Oh and the other thing that bothered me, as soon as anyone finished singing their intimate song while the camera hovered like a hummingbird around their eyelashes, the camera would sweep away and up, up, up, like it was attached to Superman's cape. Why would he do that more than once? If he had done it once, to make the point that it was a sweeping and grand story, song, theme, etc., that is all it would have taken to show it. But, no, he used it multiple times and therefore diminished its impact.

The last thing I want to say is a pet peeve I have with many period piece movies. Why is it that no matter when or where a movie takes place that everyone speaks with English accents? The movie takes place in France. Why is everyone British? Why is Gavroche speaking with a cockney accent? I might have been able to let it go but I kept getting pulled out of the movie when they would suddenly and for a brief second switch to a french accent for a "Mademoiselle" or a "Pardon" and then jump right back into their British accents.
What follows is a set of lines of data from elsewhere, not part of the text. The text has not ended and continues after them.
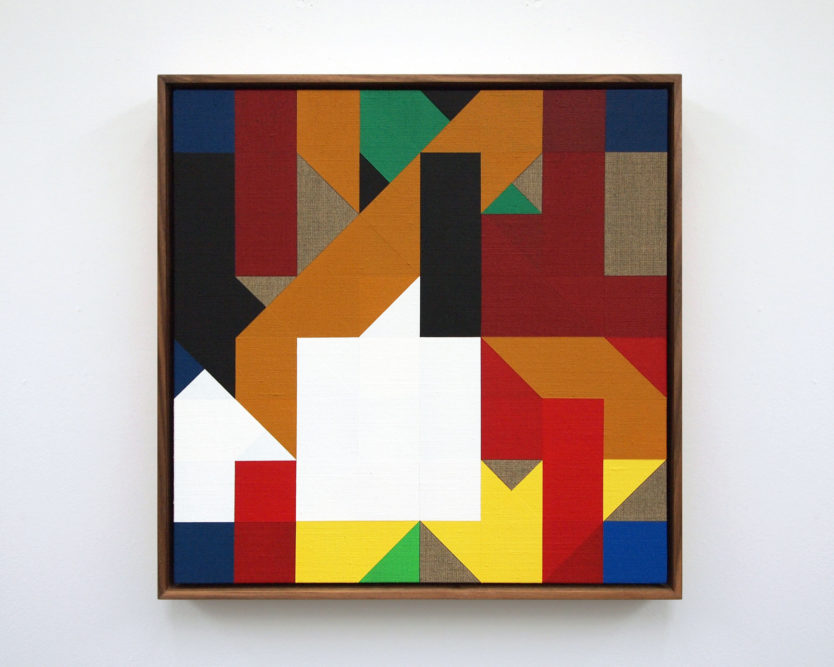 Chess Painting No. 76 (Duchamp vs. Znosk-Borovsky, Paris, 1929)42 x 42 cm | gesso &amp; acrylic on linen, walnut frame | 2016
private collection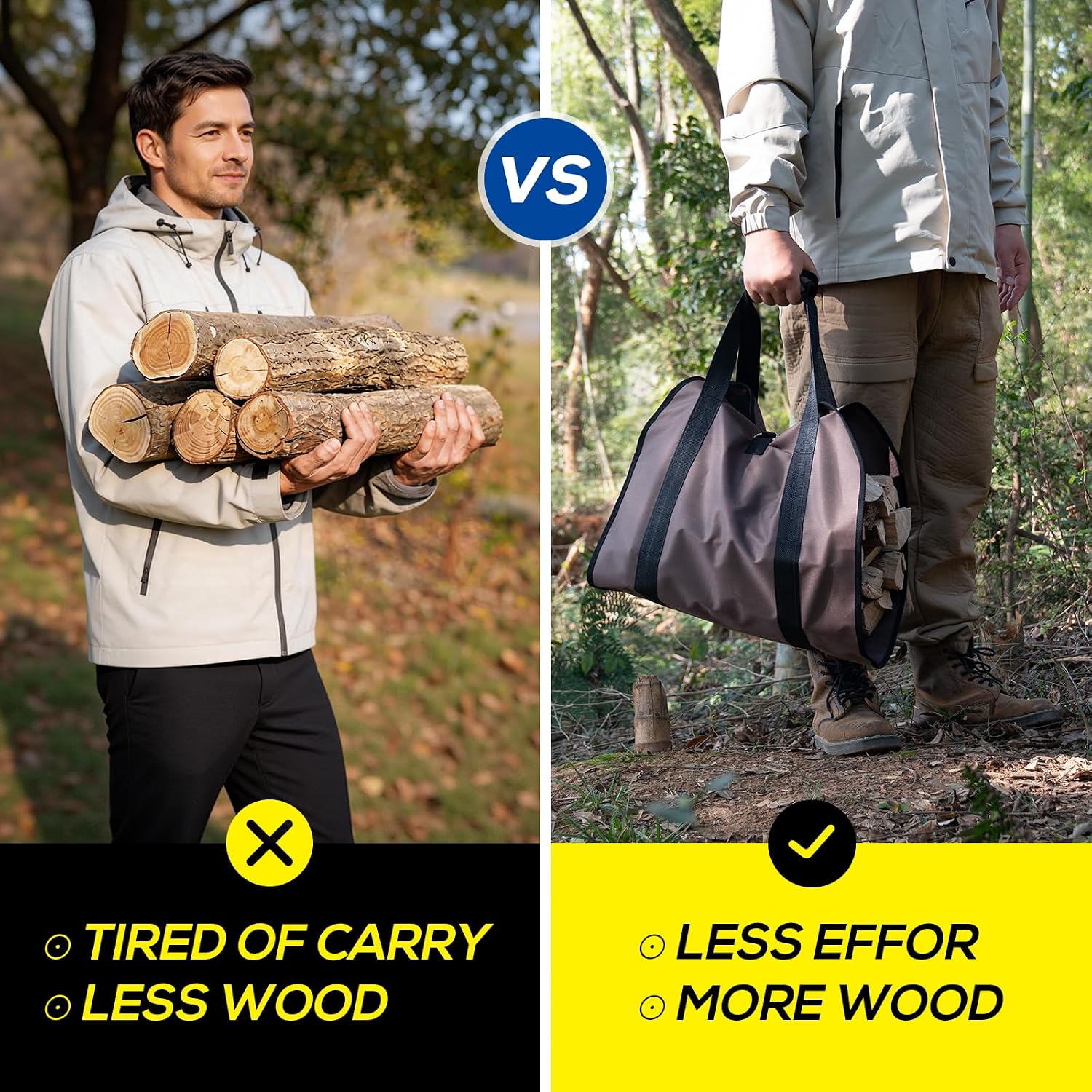 FLASLD Firewood Carrier Waxed Canvas Firewood Bag Heavy Duty Large Fireplace Carrier Durable Log Tote Fire Wood Carring Bag with Handles Wood Sling Holder Cabin Stove Accessories (Brown)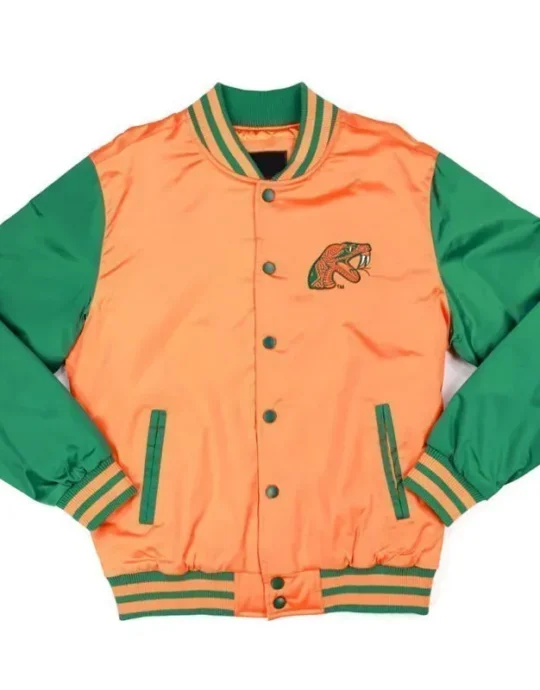 Florida A&M Orange and Green Baseball Jacket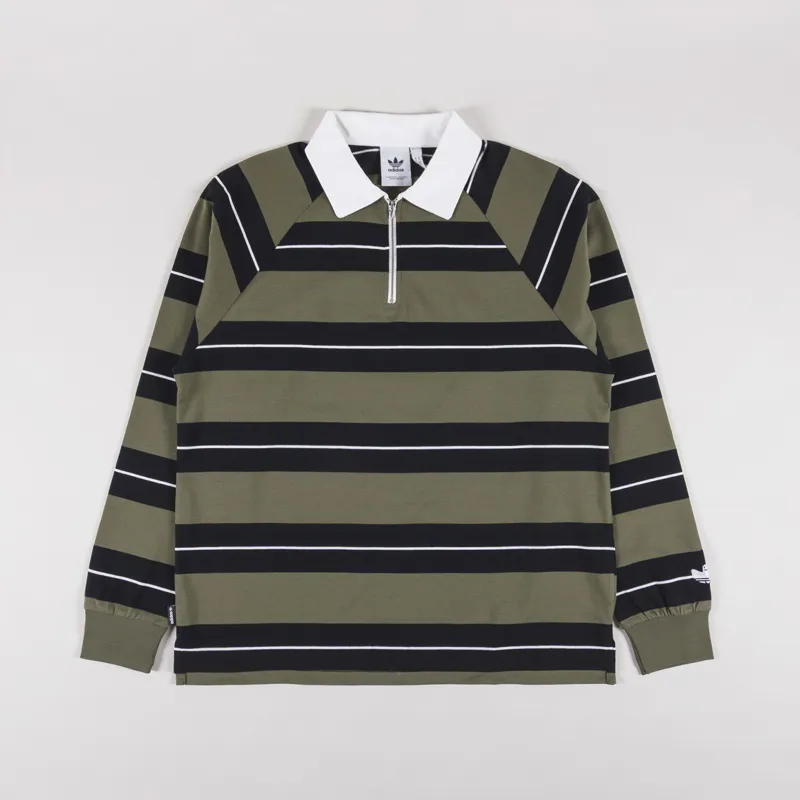 Adidas Skateboarding Shmoofoil Long Sleeve Rugby Shirt Olive Strata Black Core White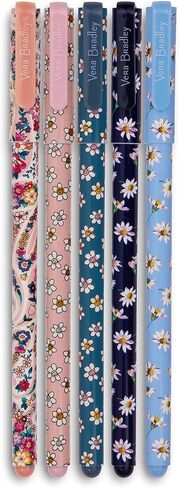 Vera Bradley Gel Pen Set of 5 with Storage Pouch, Colorful Pens in Assorted Ink Colors, Fall 20 Medley in Saudi Arabia
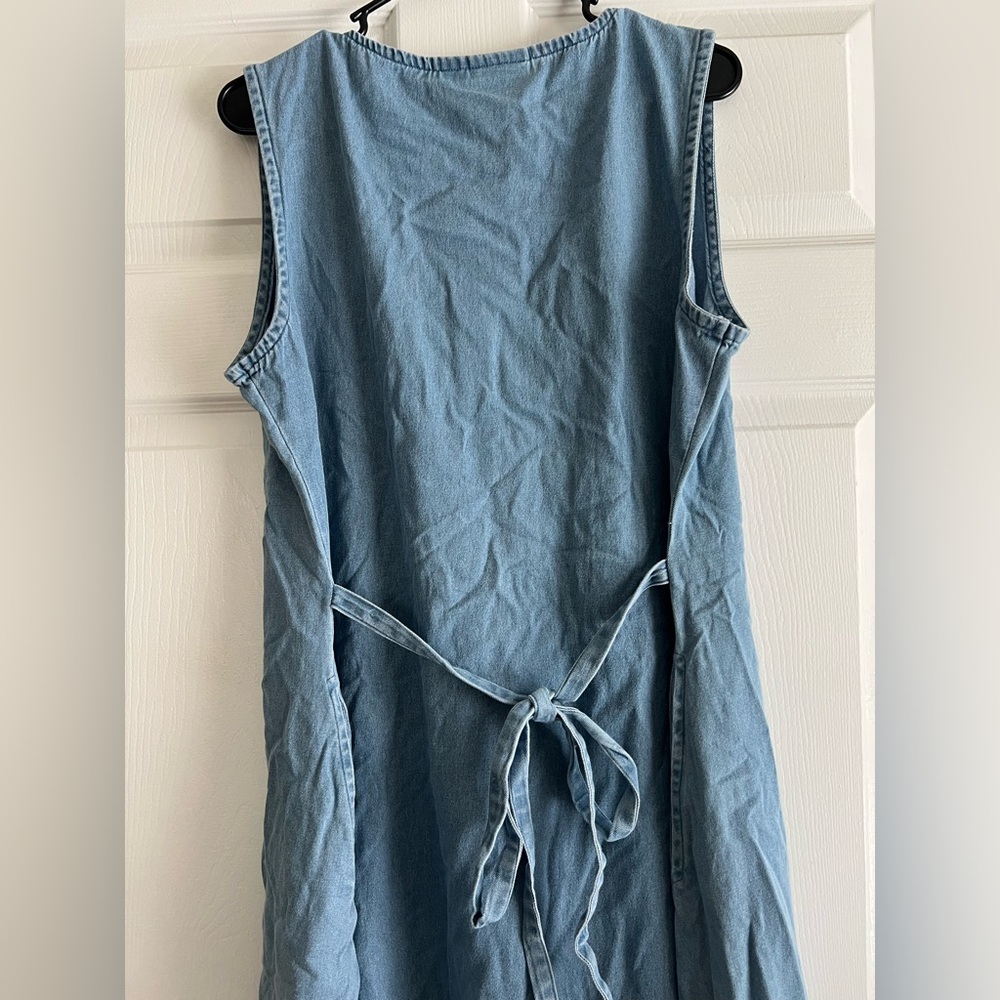 The Vermont Country Store Blue Denim Tie-Back Buttons Pockets Maxi Dress Large - Picture 6 of 7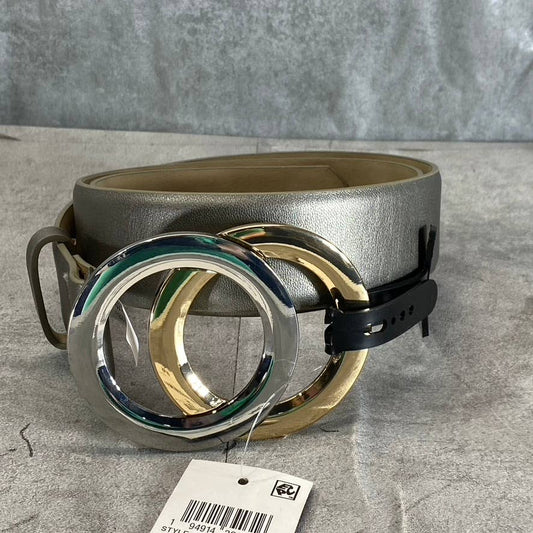 INC INTERNATIONAL CONCEPTS Women's Pewter Two-Tone Double-Circle Buckle Belt SZS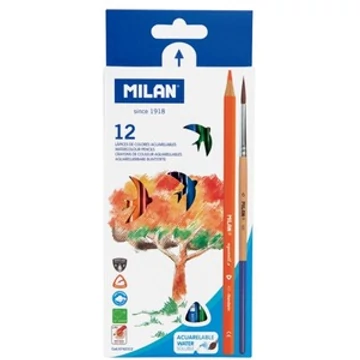 Ceruza színes Milan 12-es Aqua háromszög+ecset 0742312 12 db/doboz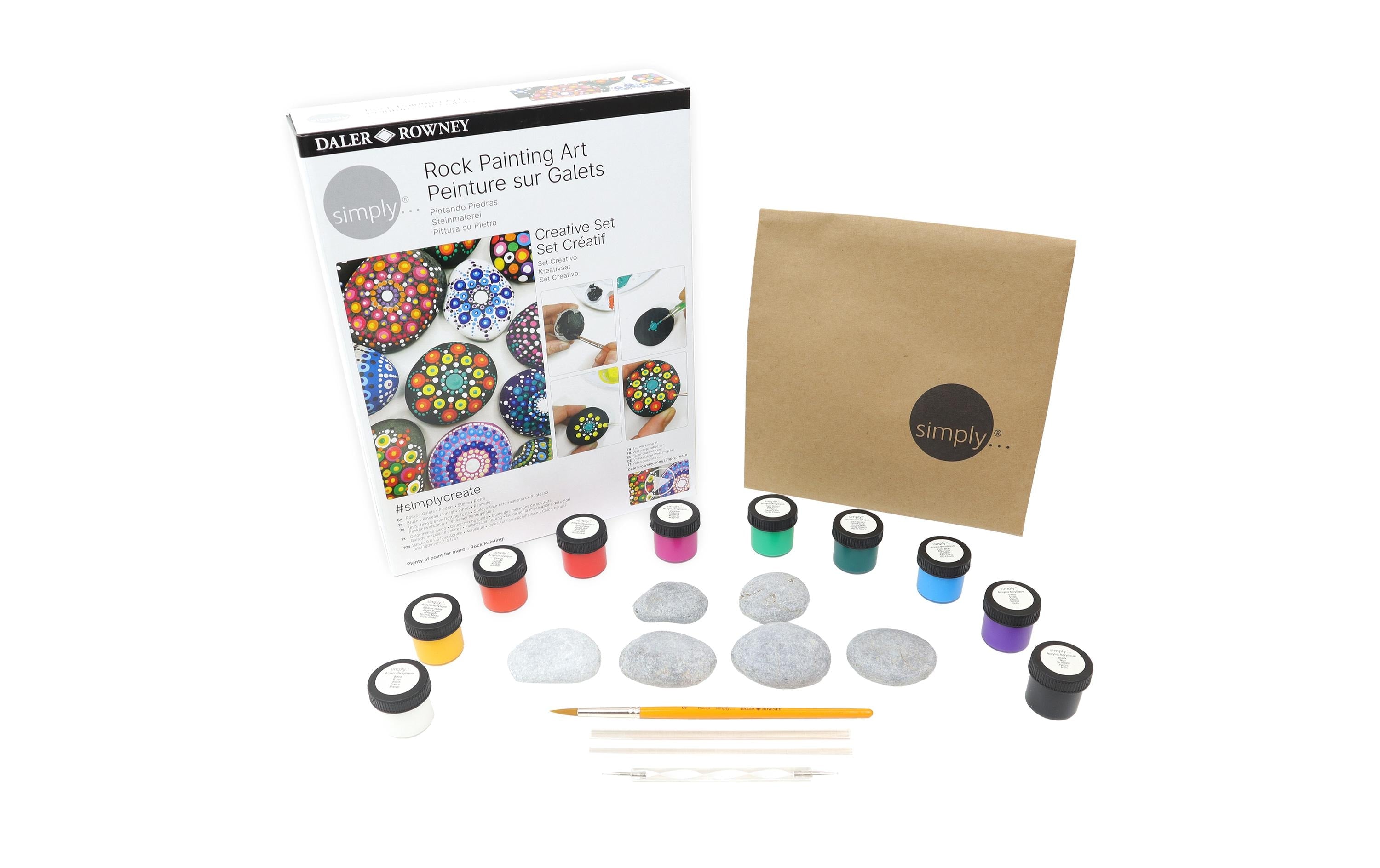 Basteln Malset Rock Painting Art 20-teilig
I guess nowadays it's just how things are done and so everyone does it, but I wish they would choose a different set of rules.

In the end, I enjoyed many parts of the movie despite the moviemaking parts of the movie. The acting for the most part was superb (if a trifle overdone at times). I enjoyed the immediacy of the singing. I thought the sets were wonderful. The supporting cast did a great job and disturbed me and made me love them and hate them as appropriate (Fantine's scene on the boat right before "I dreamed a dream," was tear, fear, and vomit inducing all at once). I wish Hooper had made some different choices. And maybe he does as well. In the meantime, he did it. He got it made, on his terms, and with that he has not only shown a piece of history, he has made it, as well.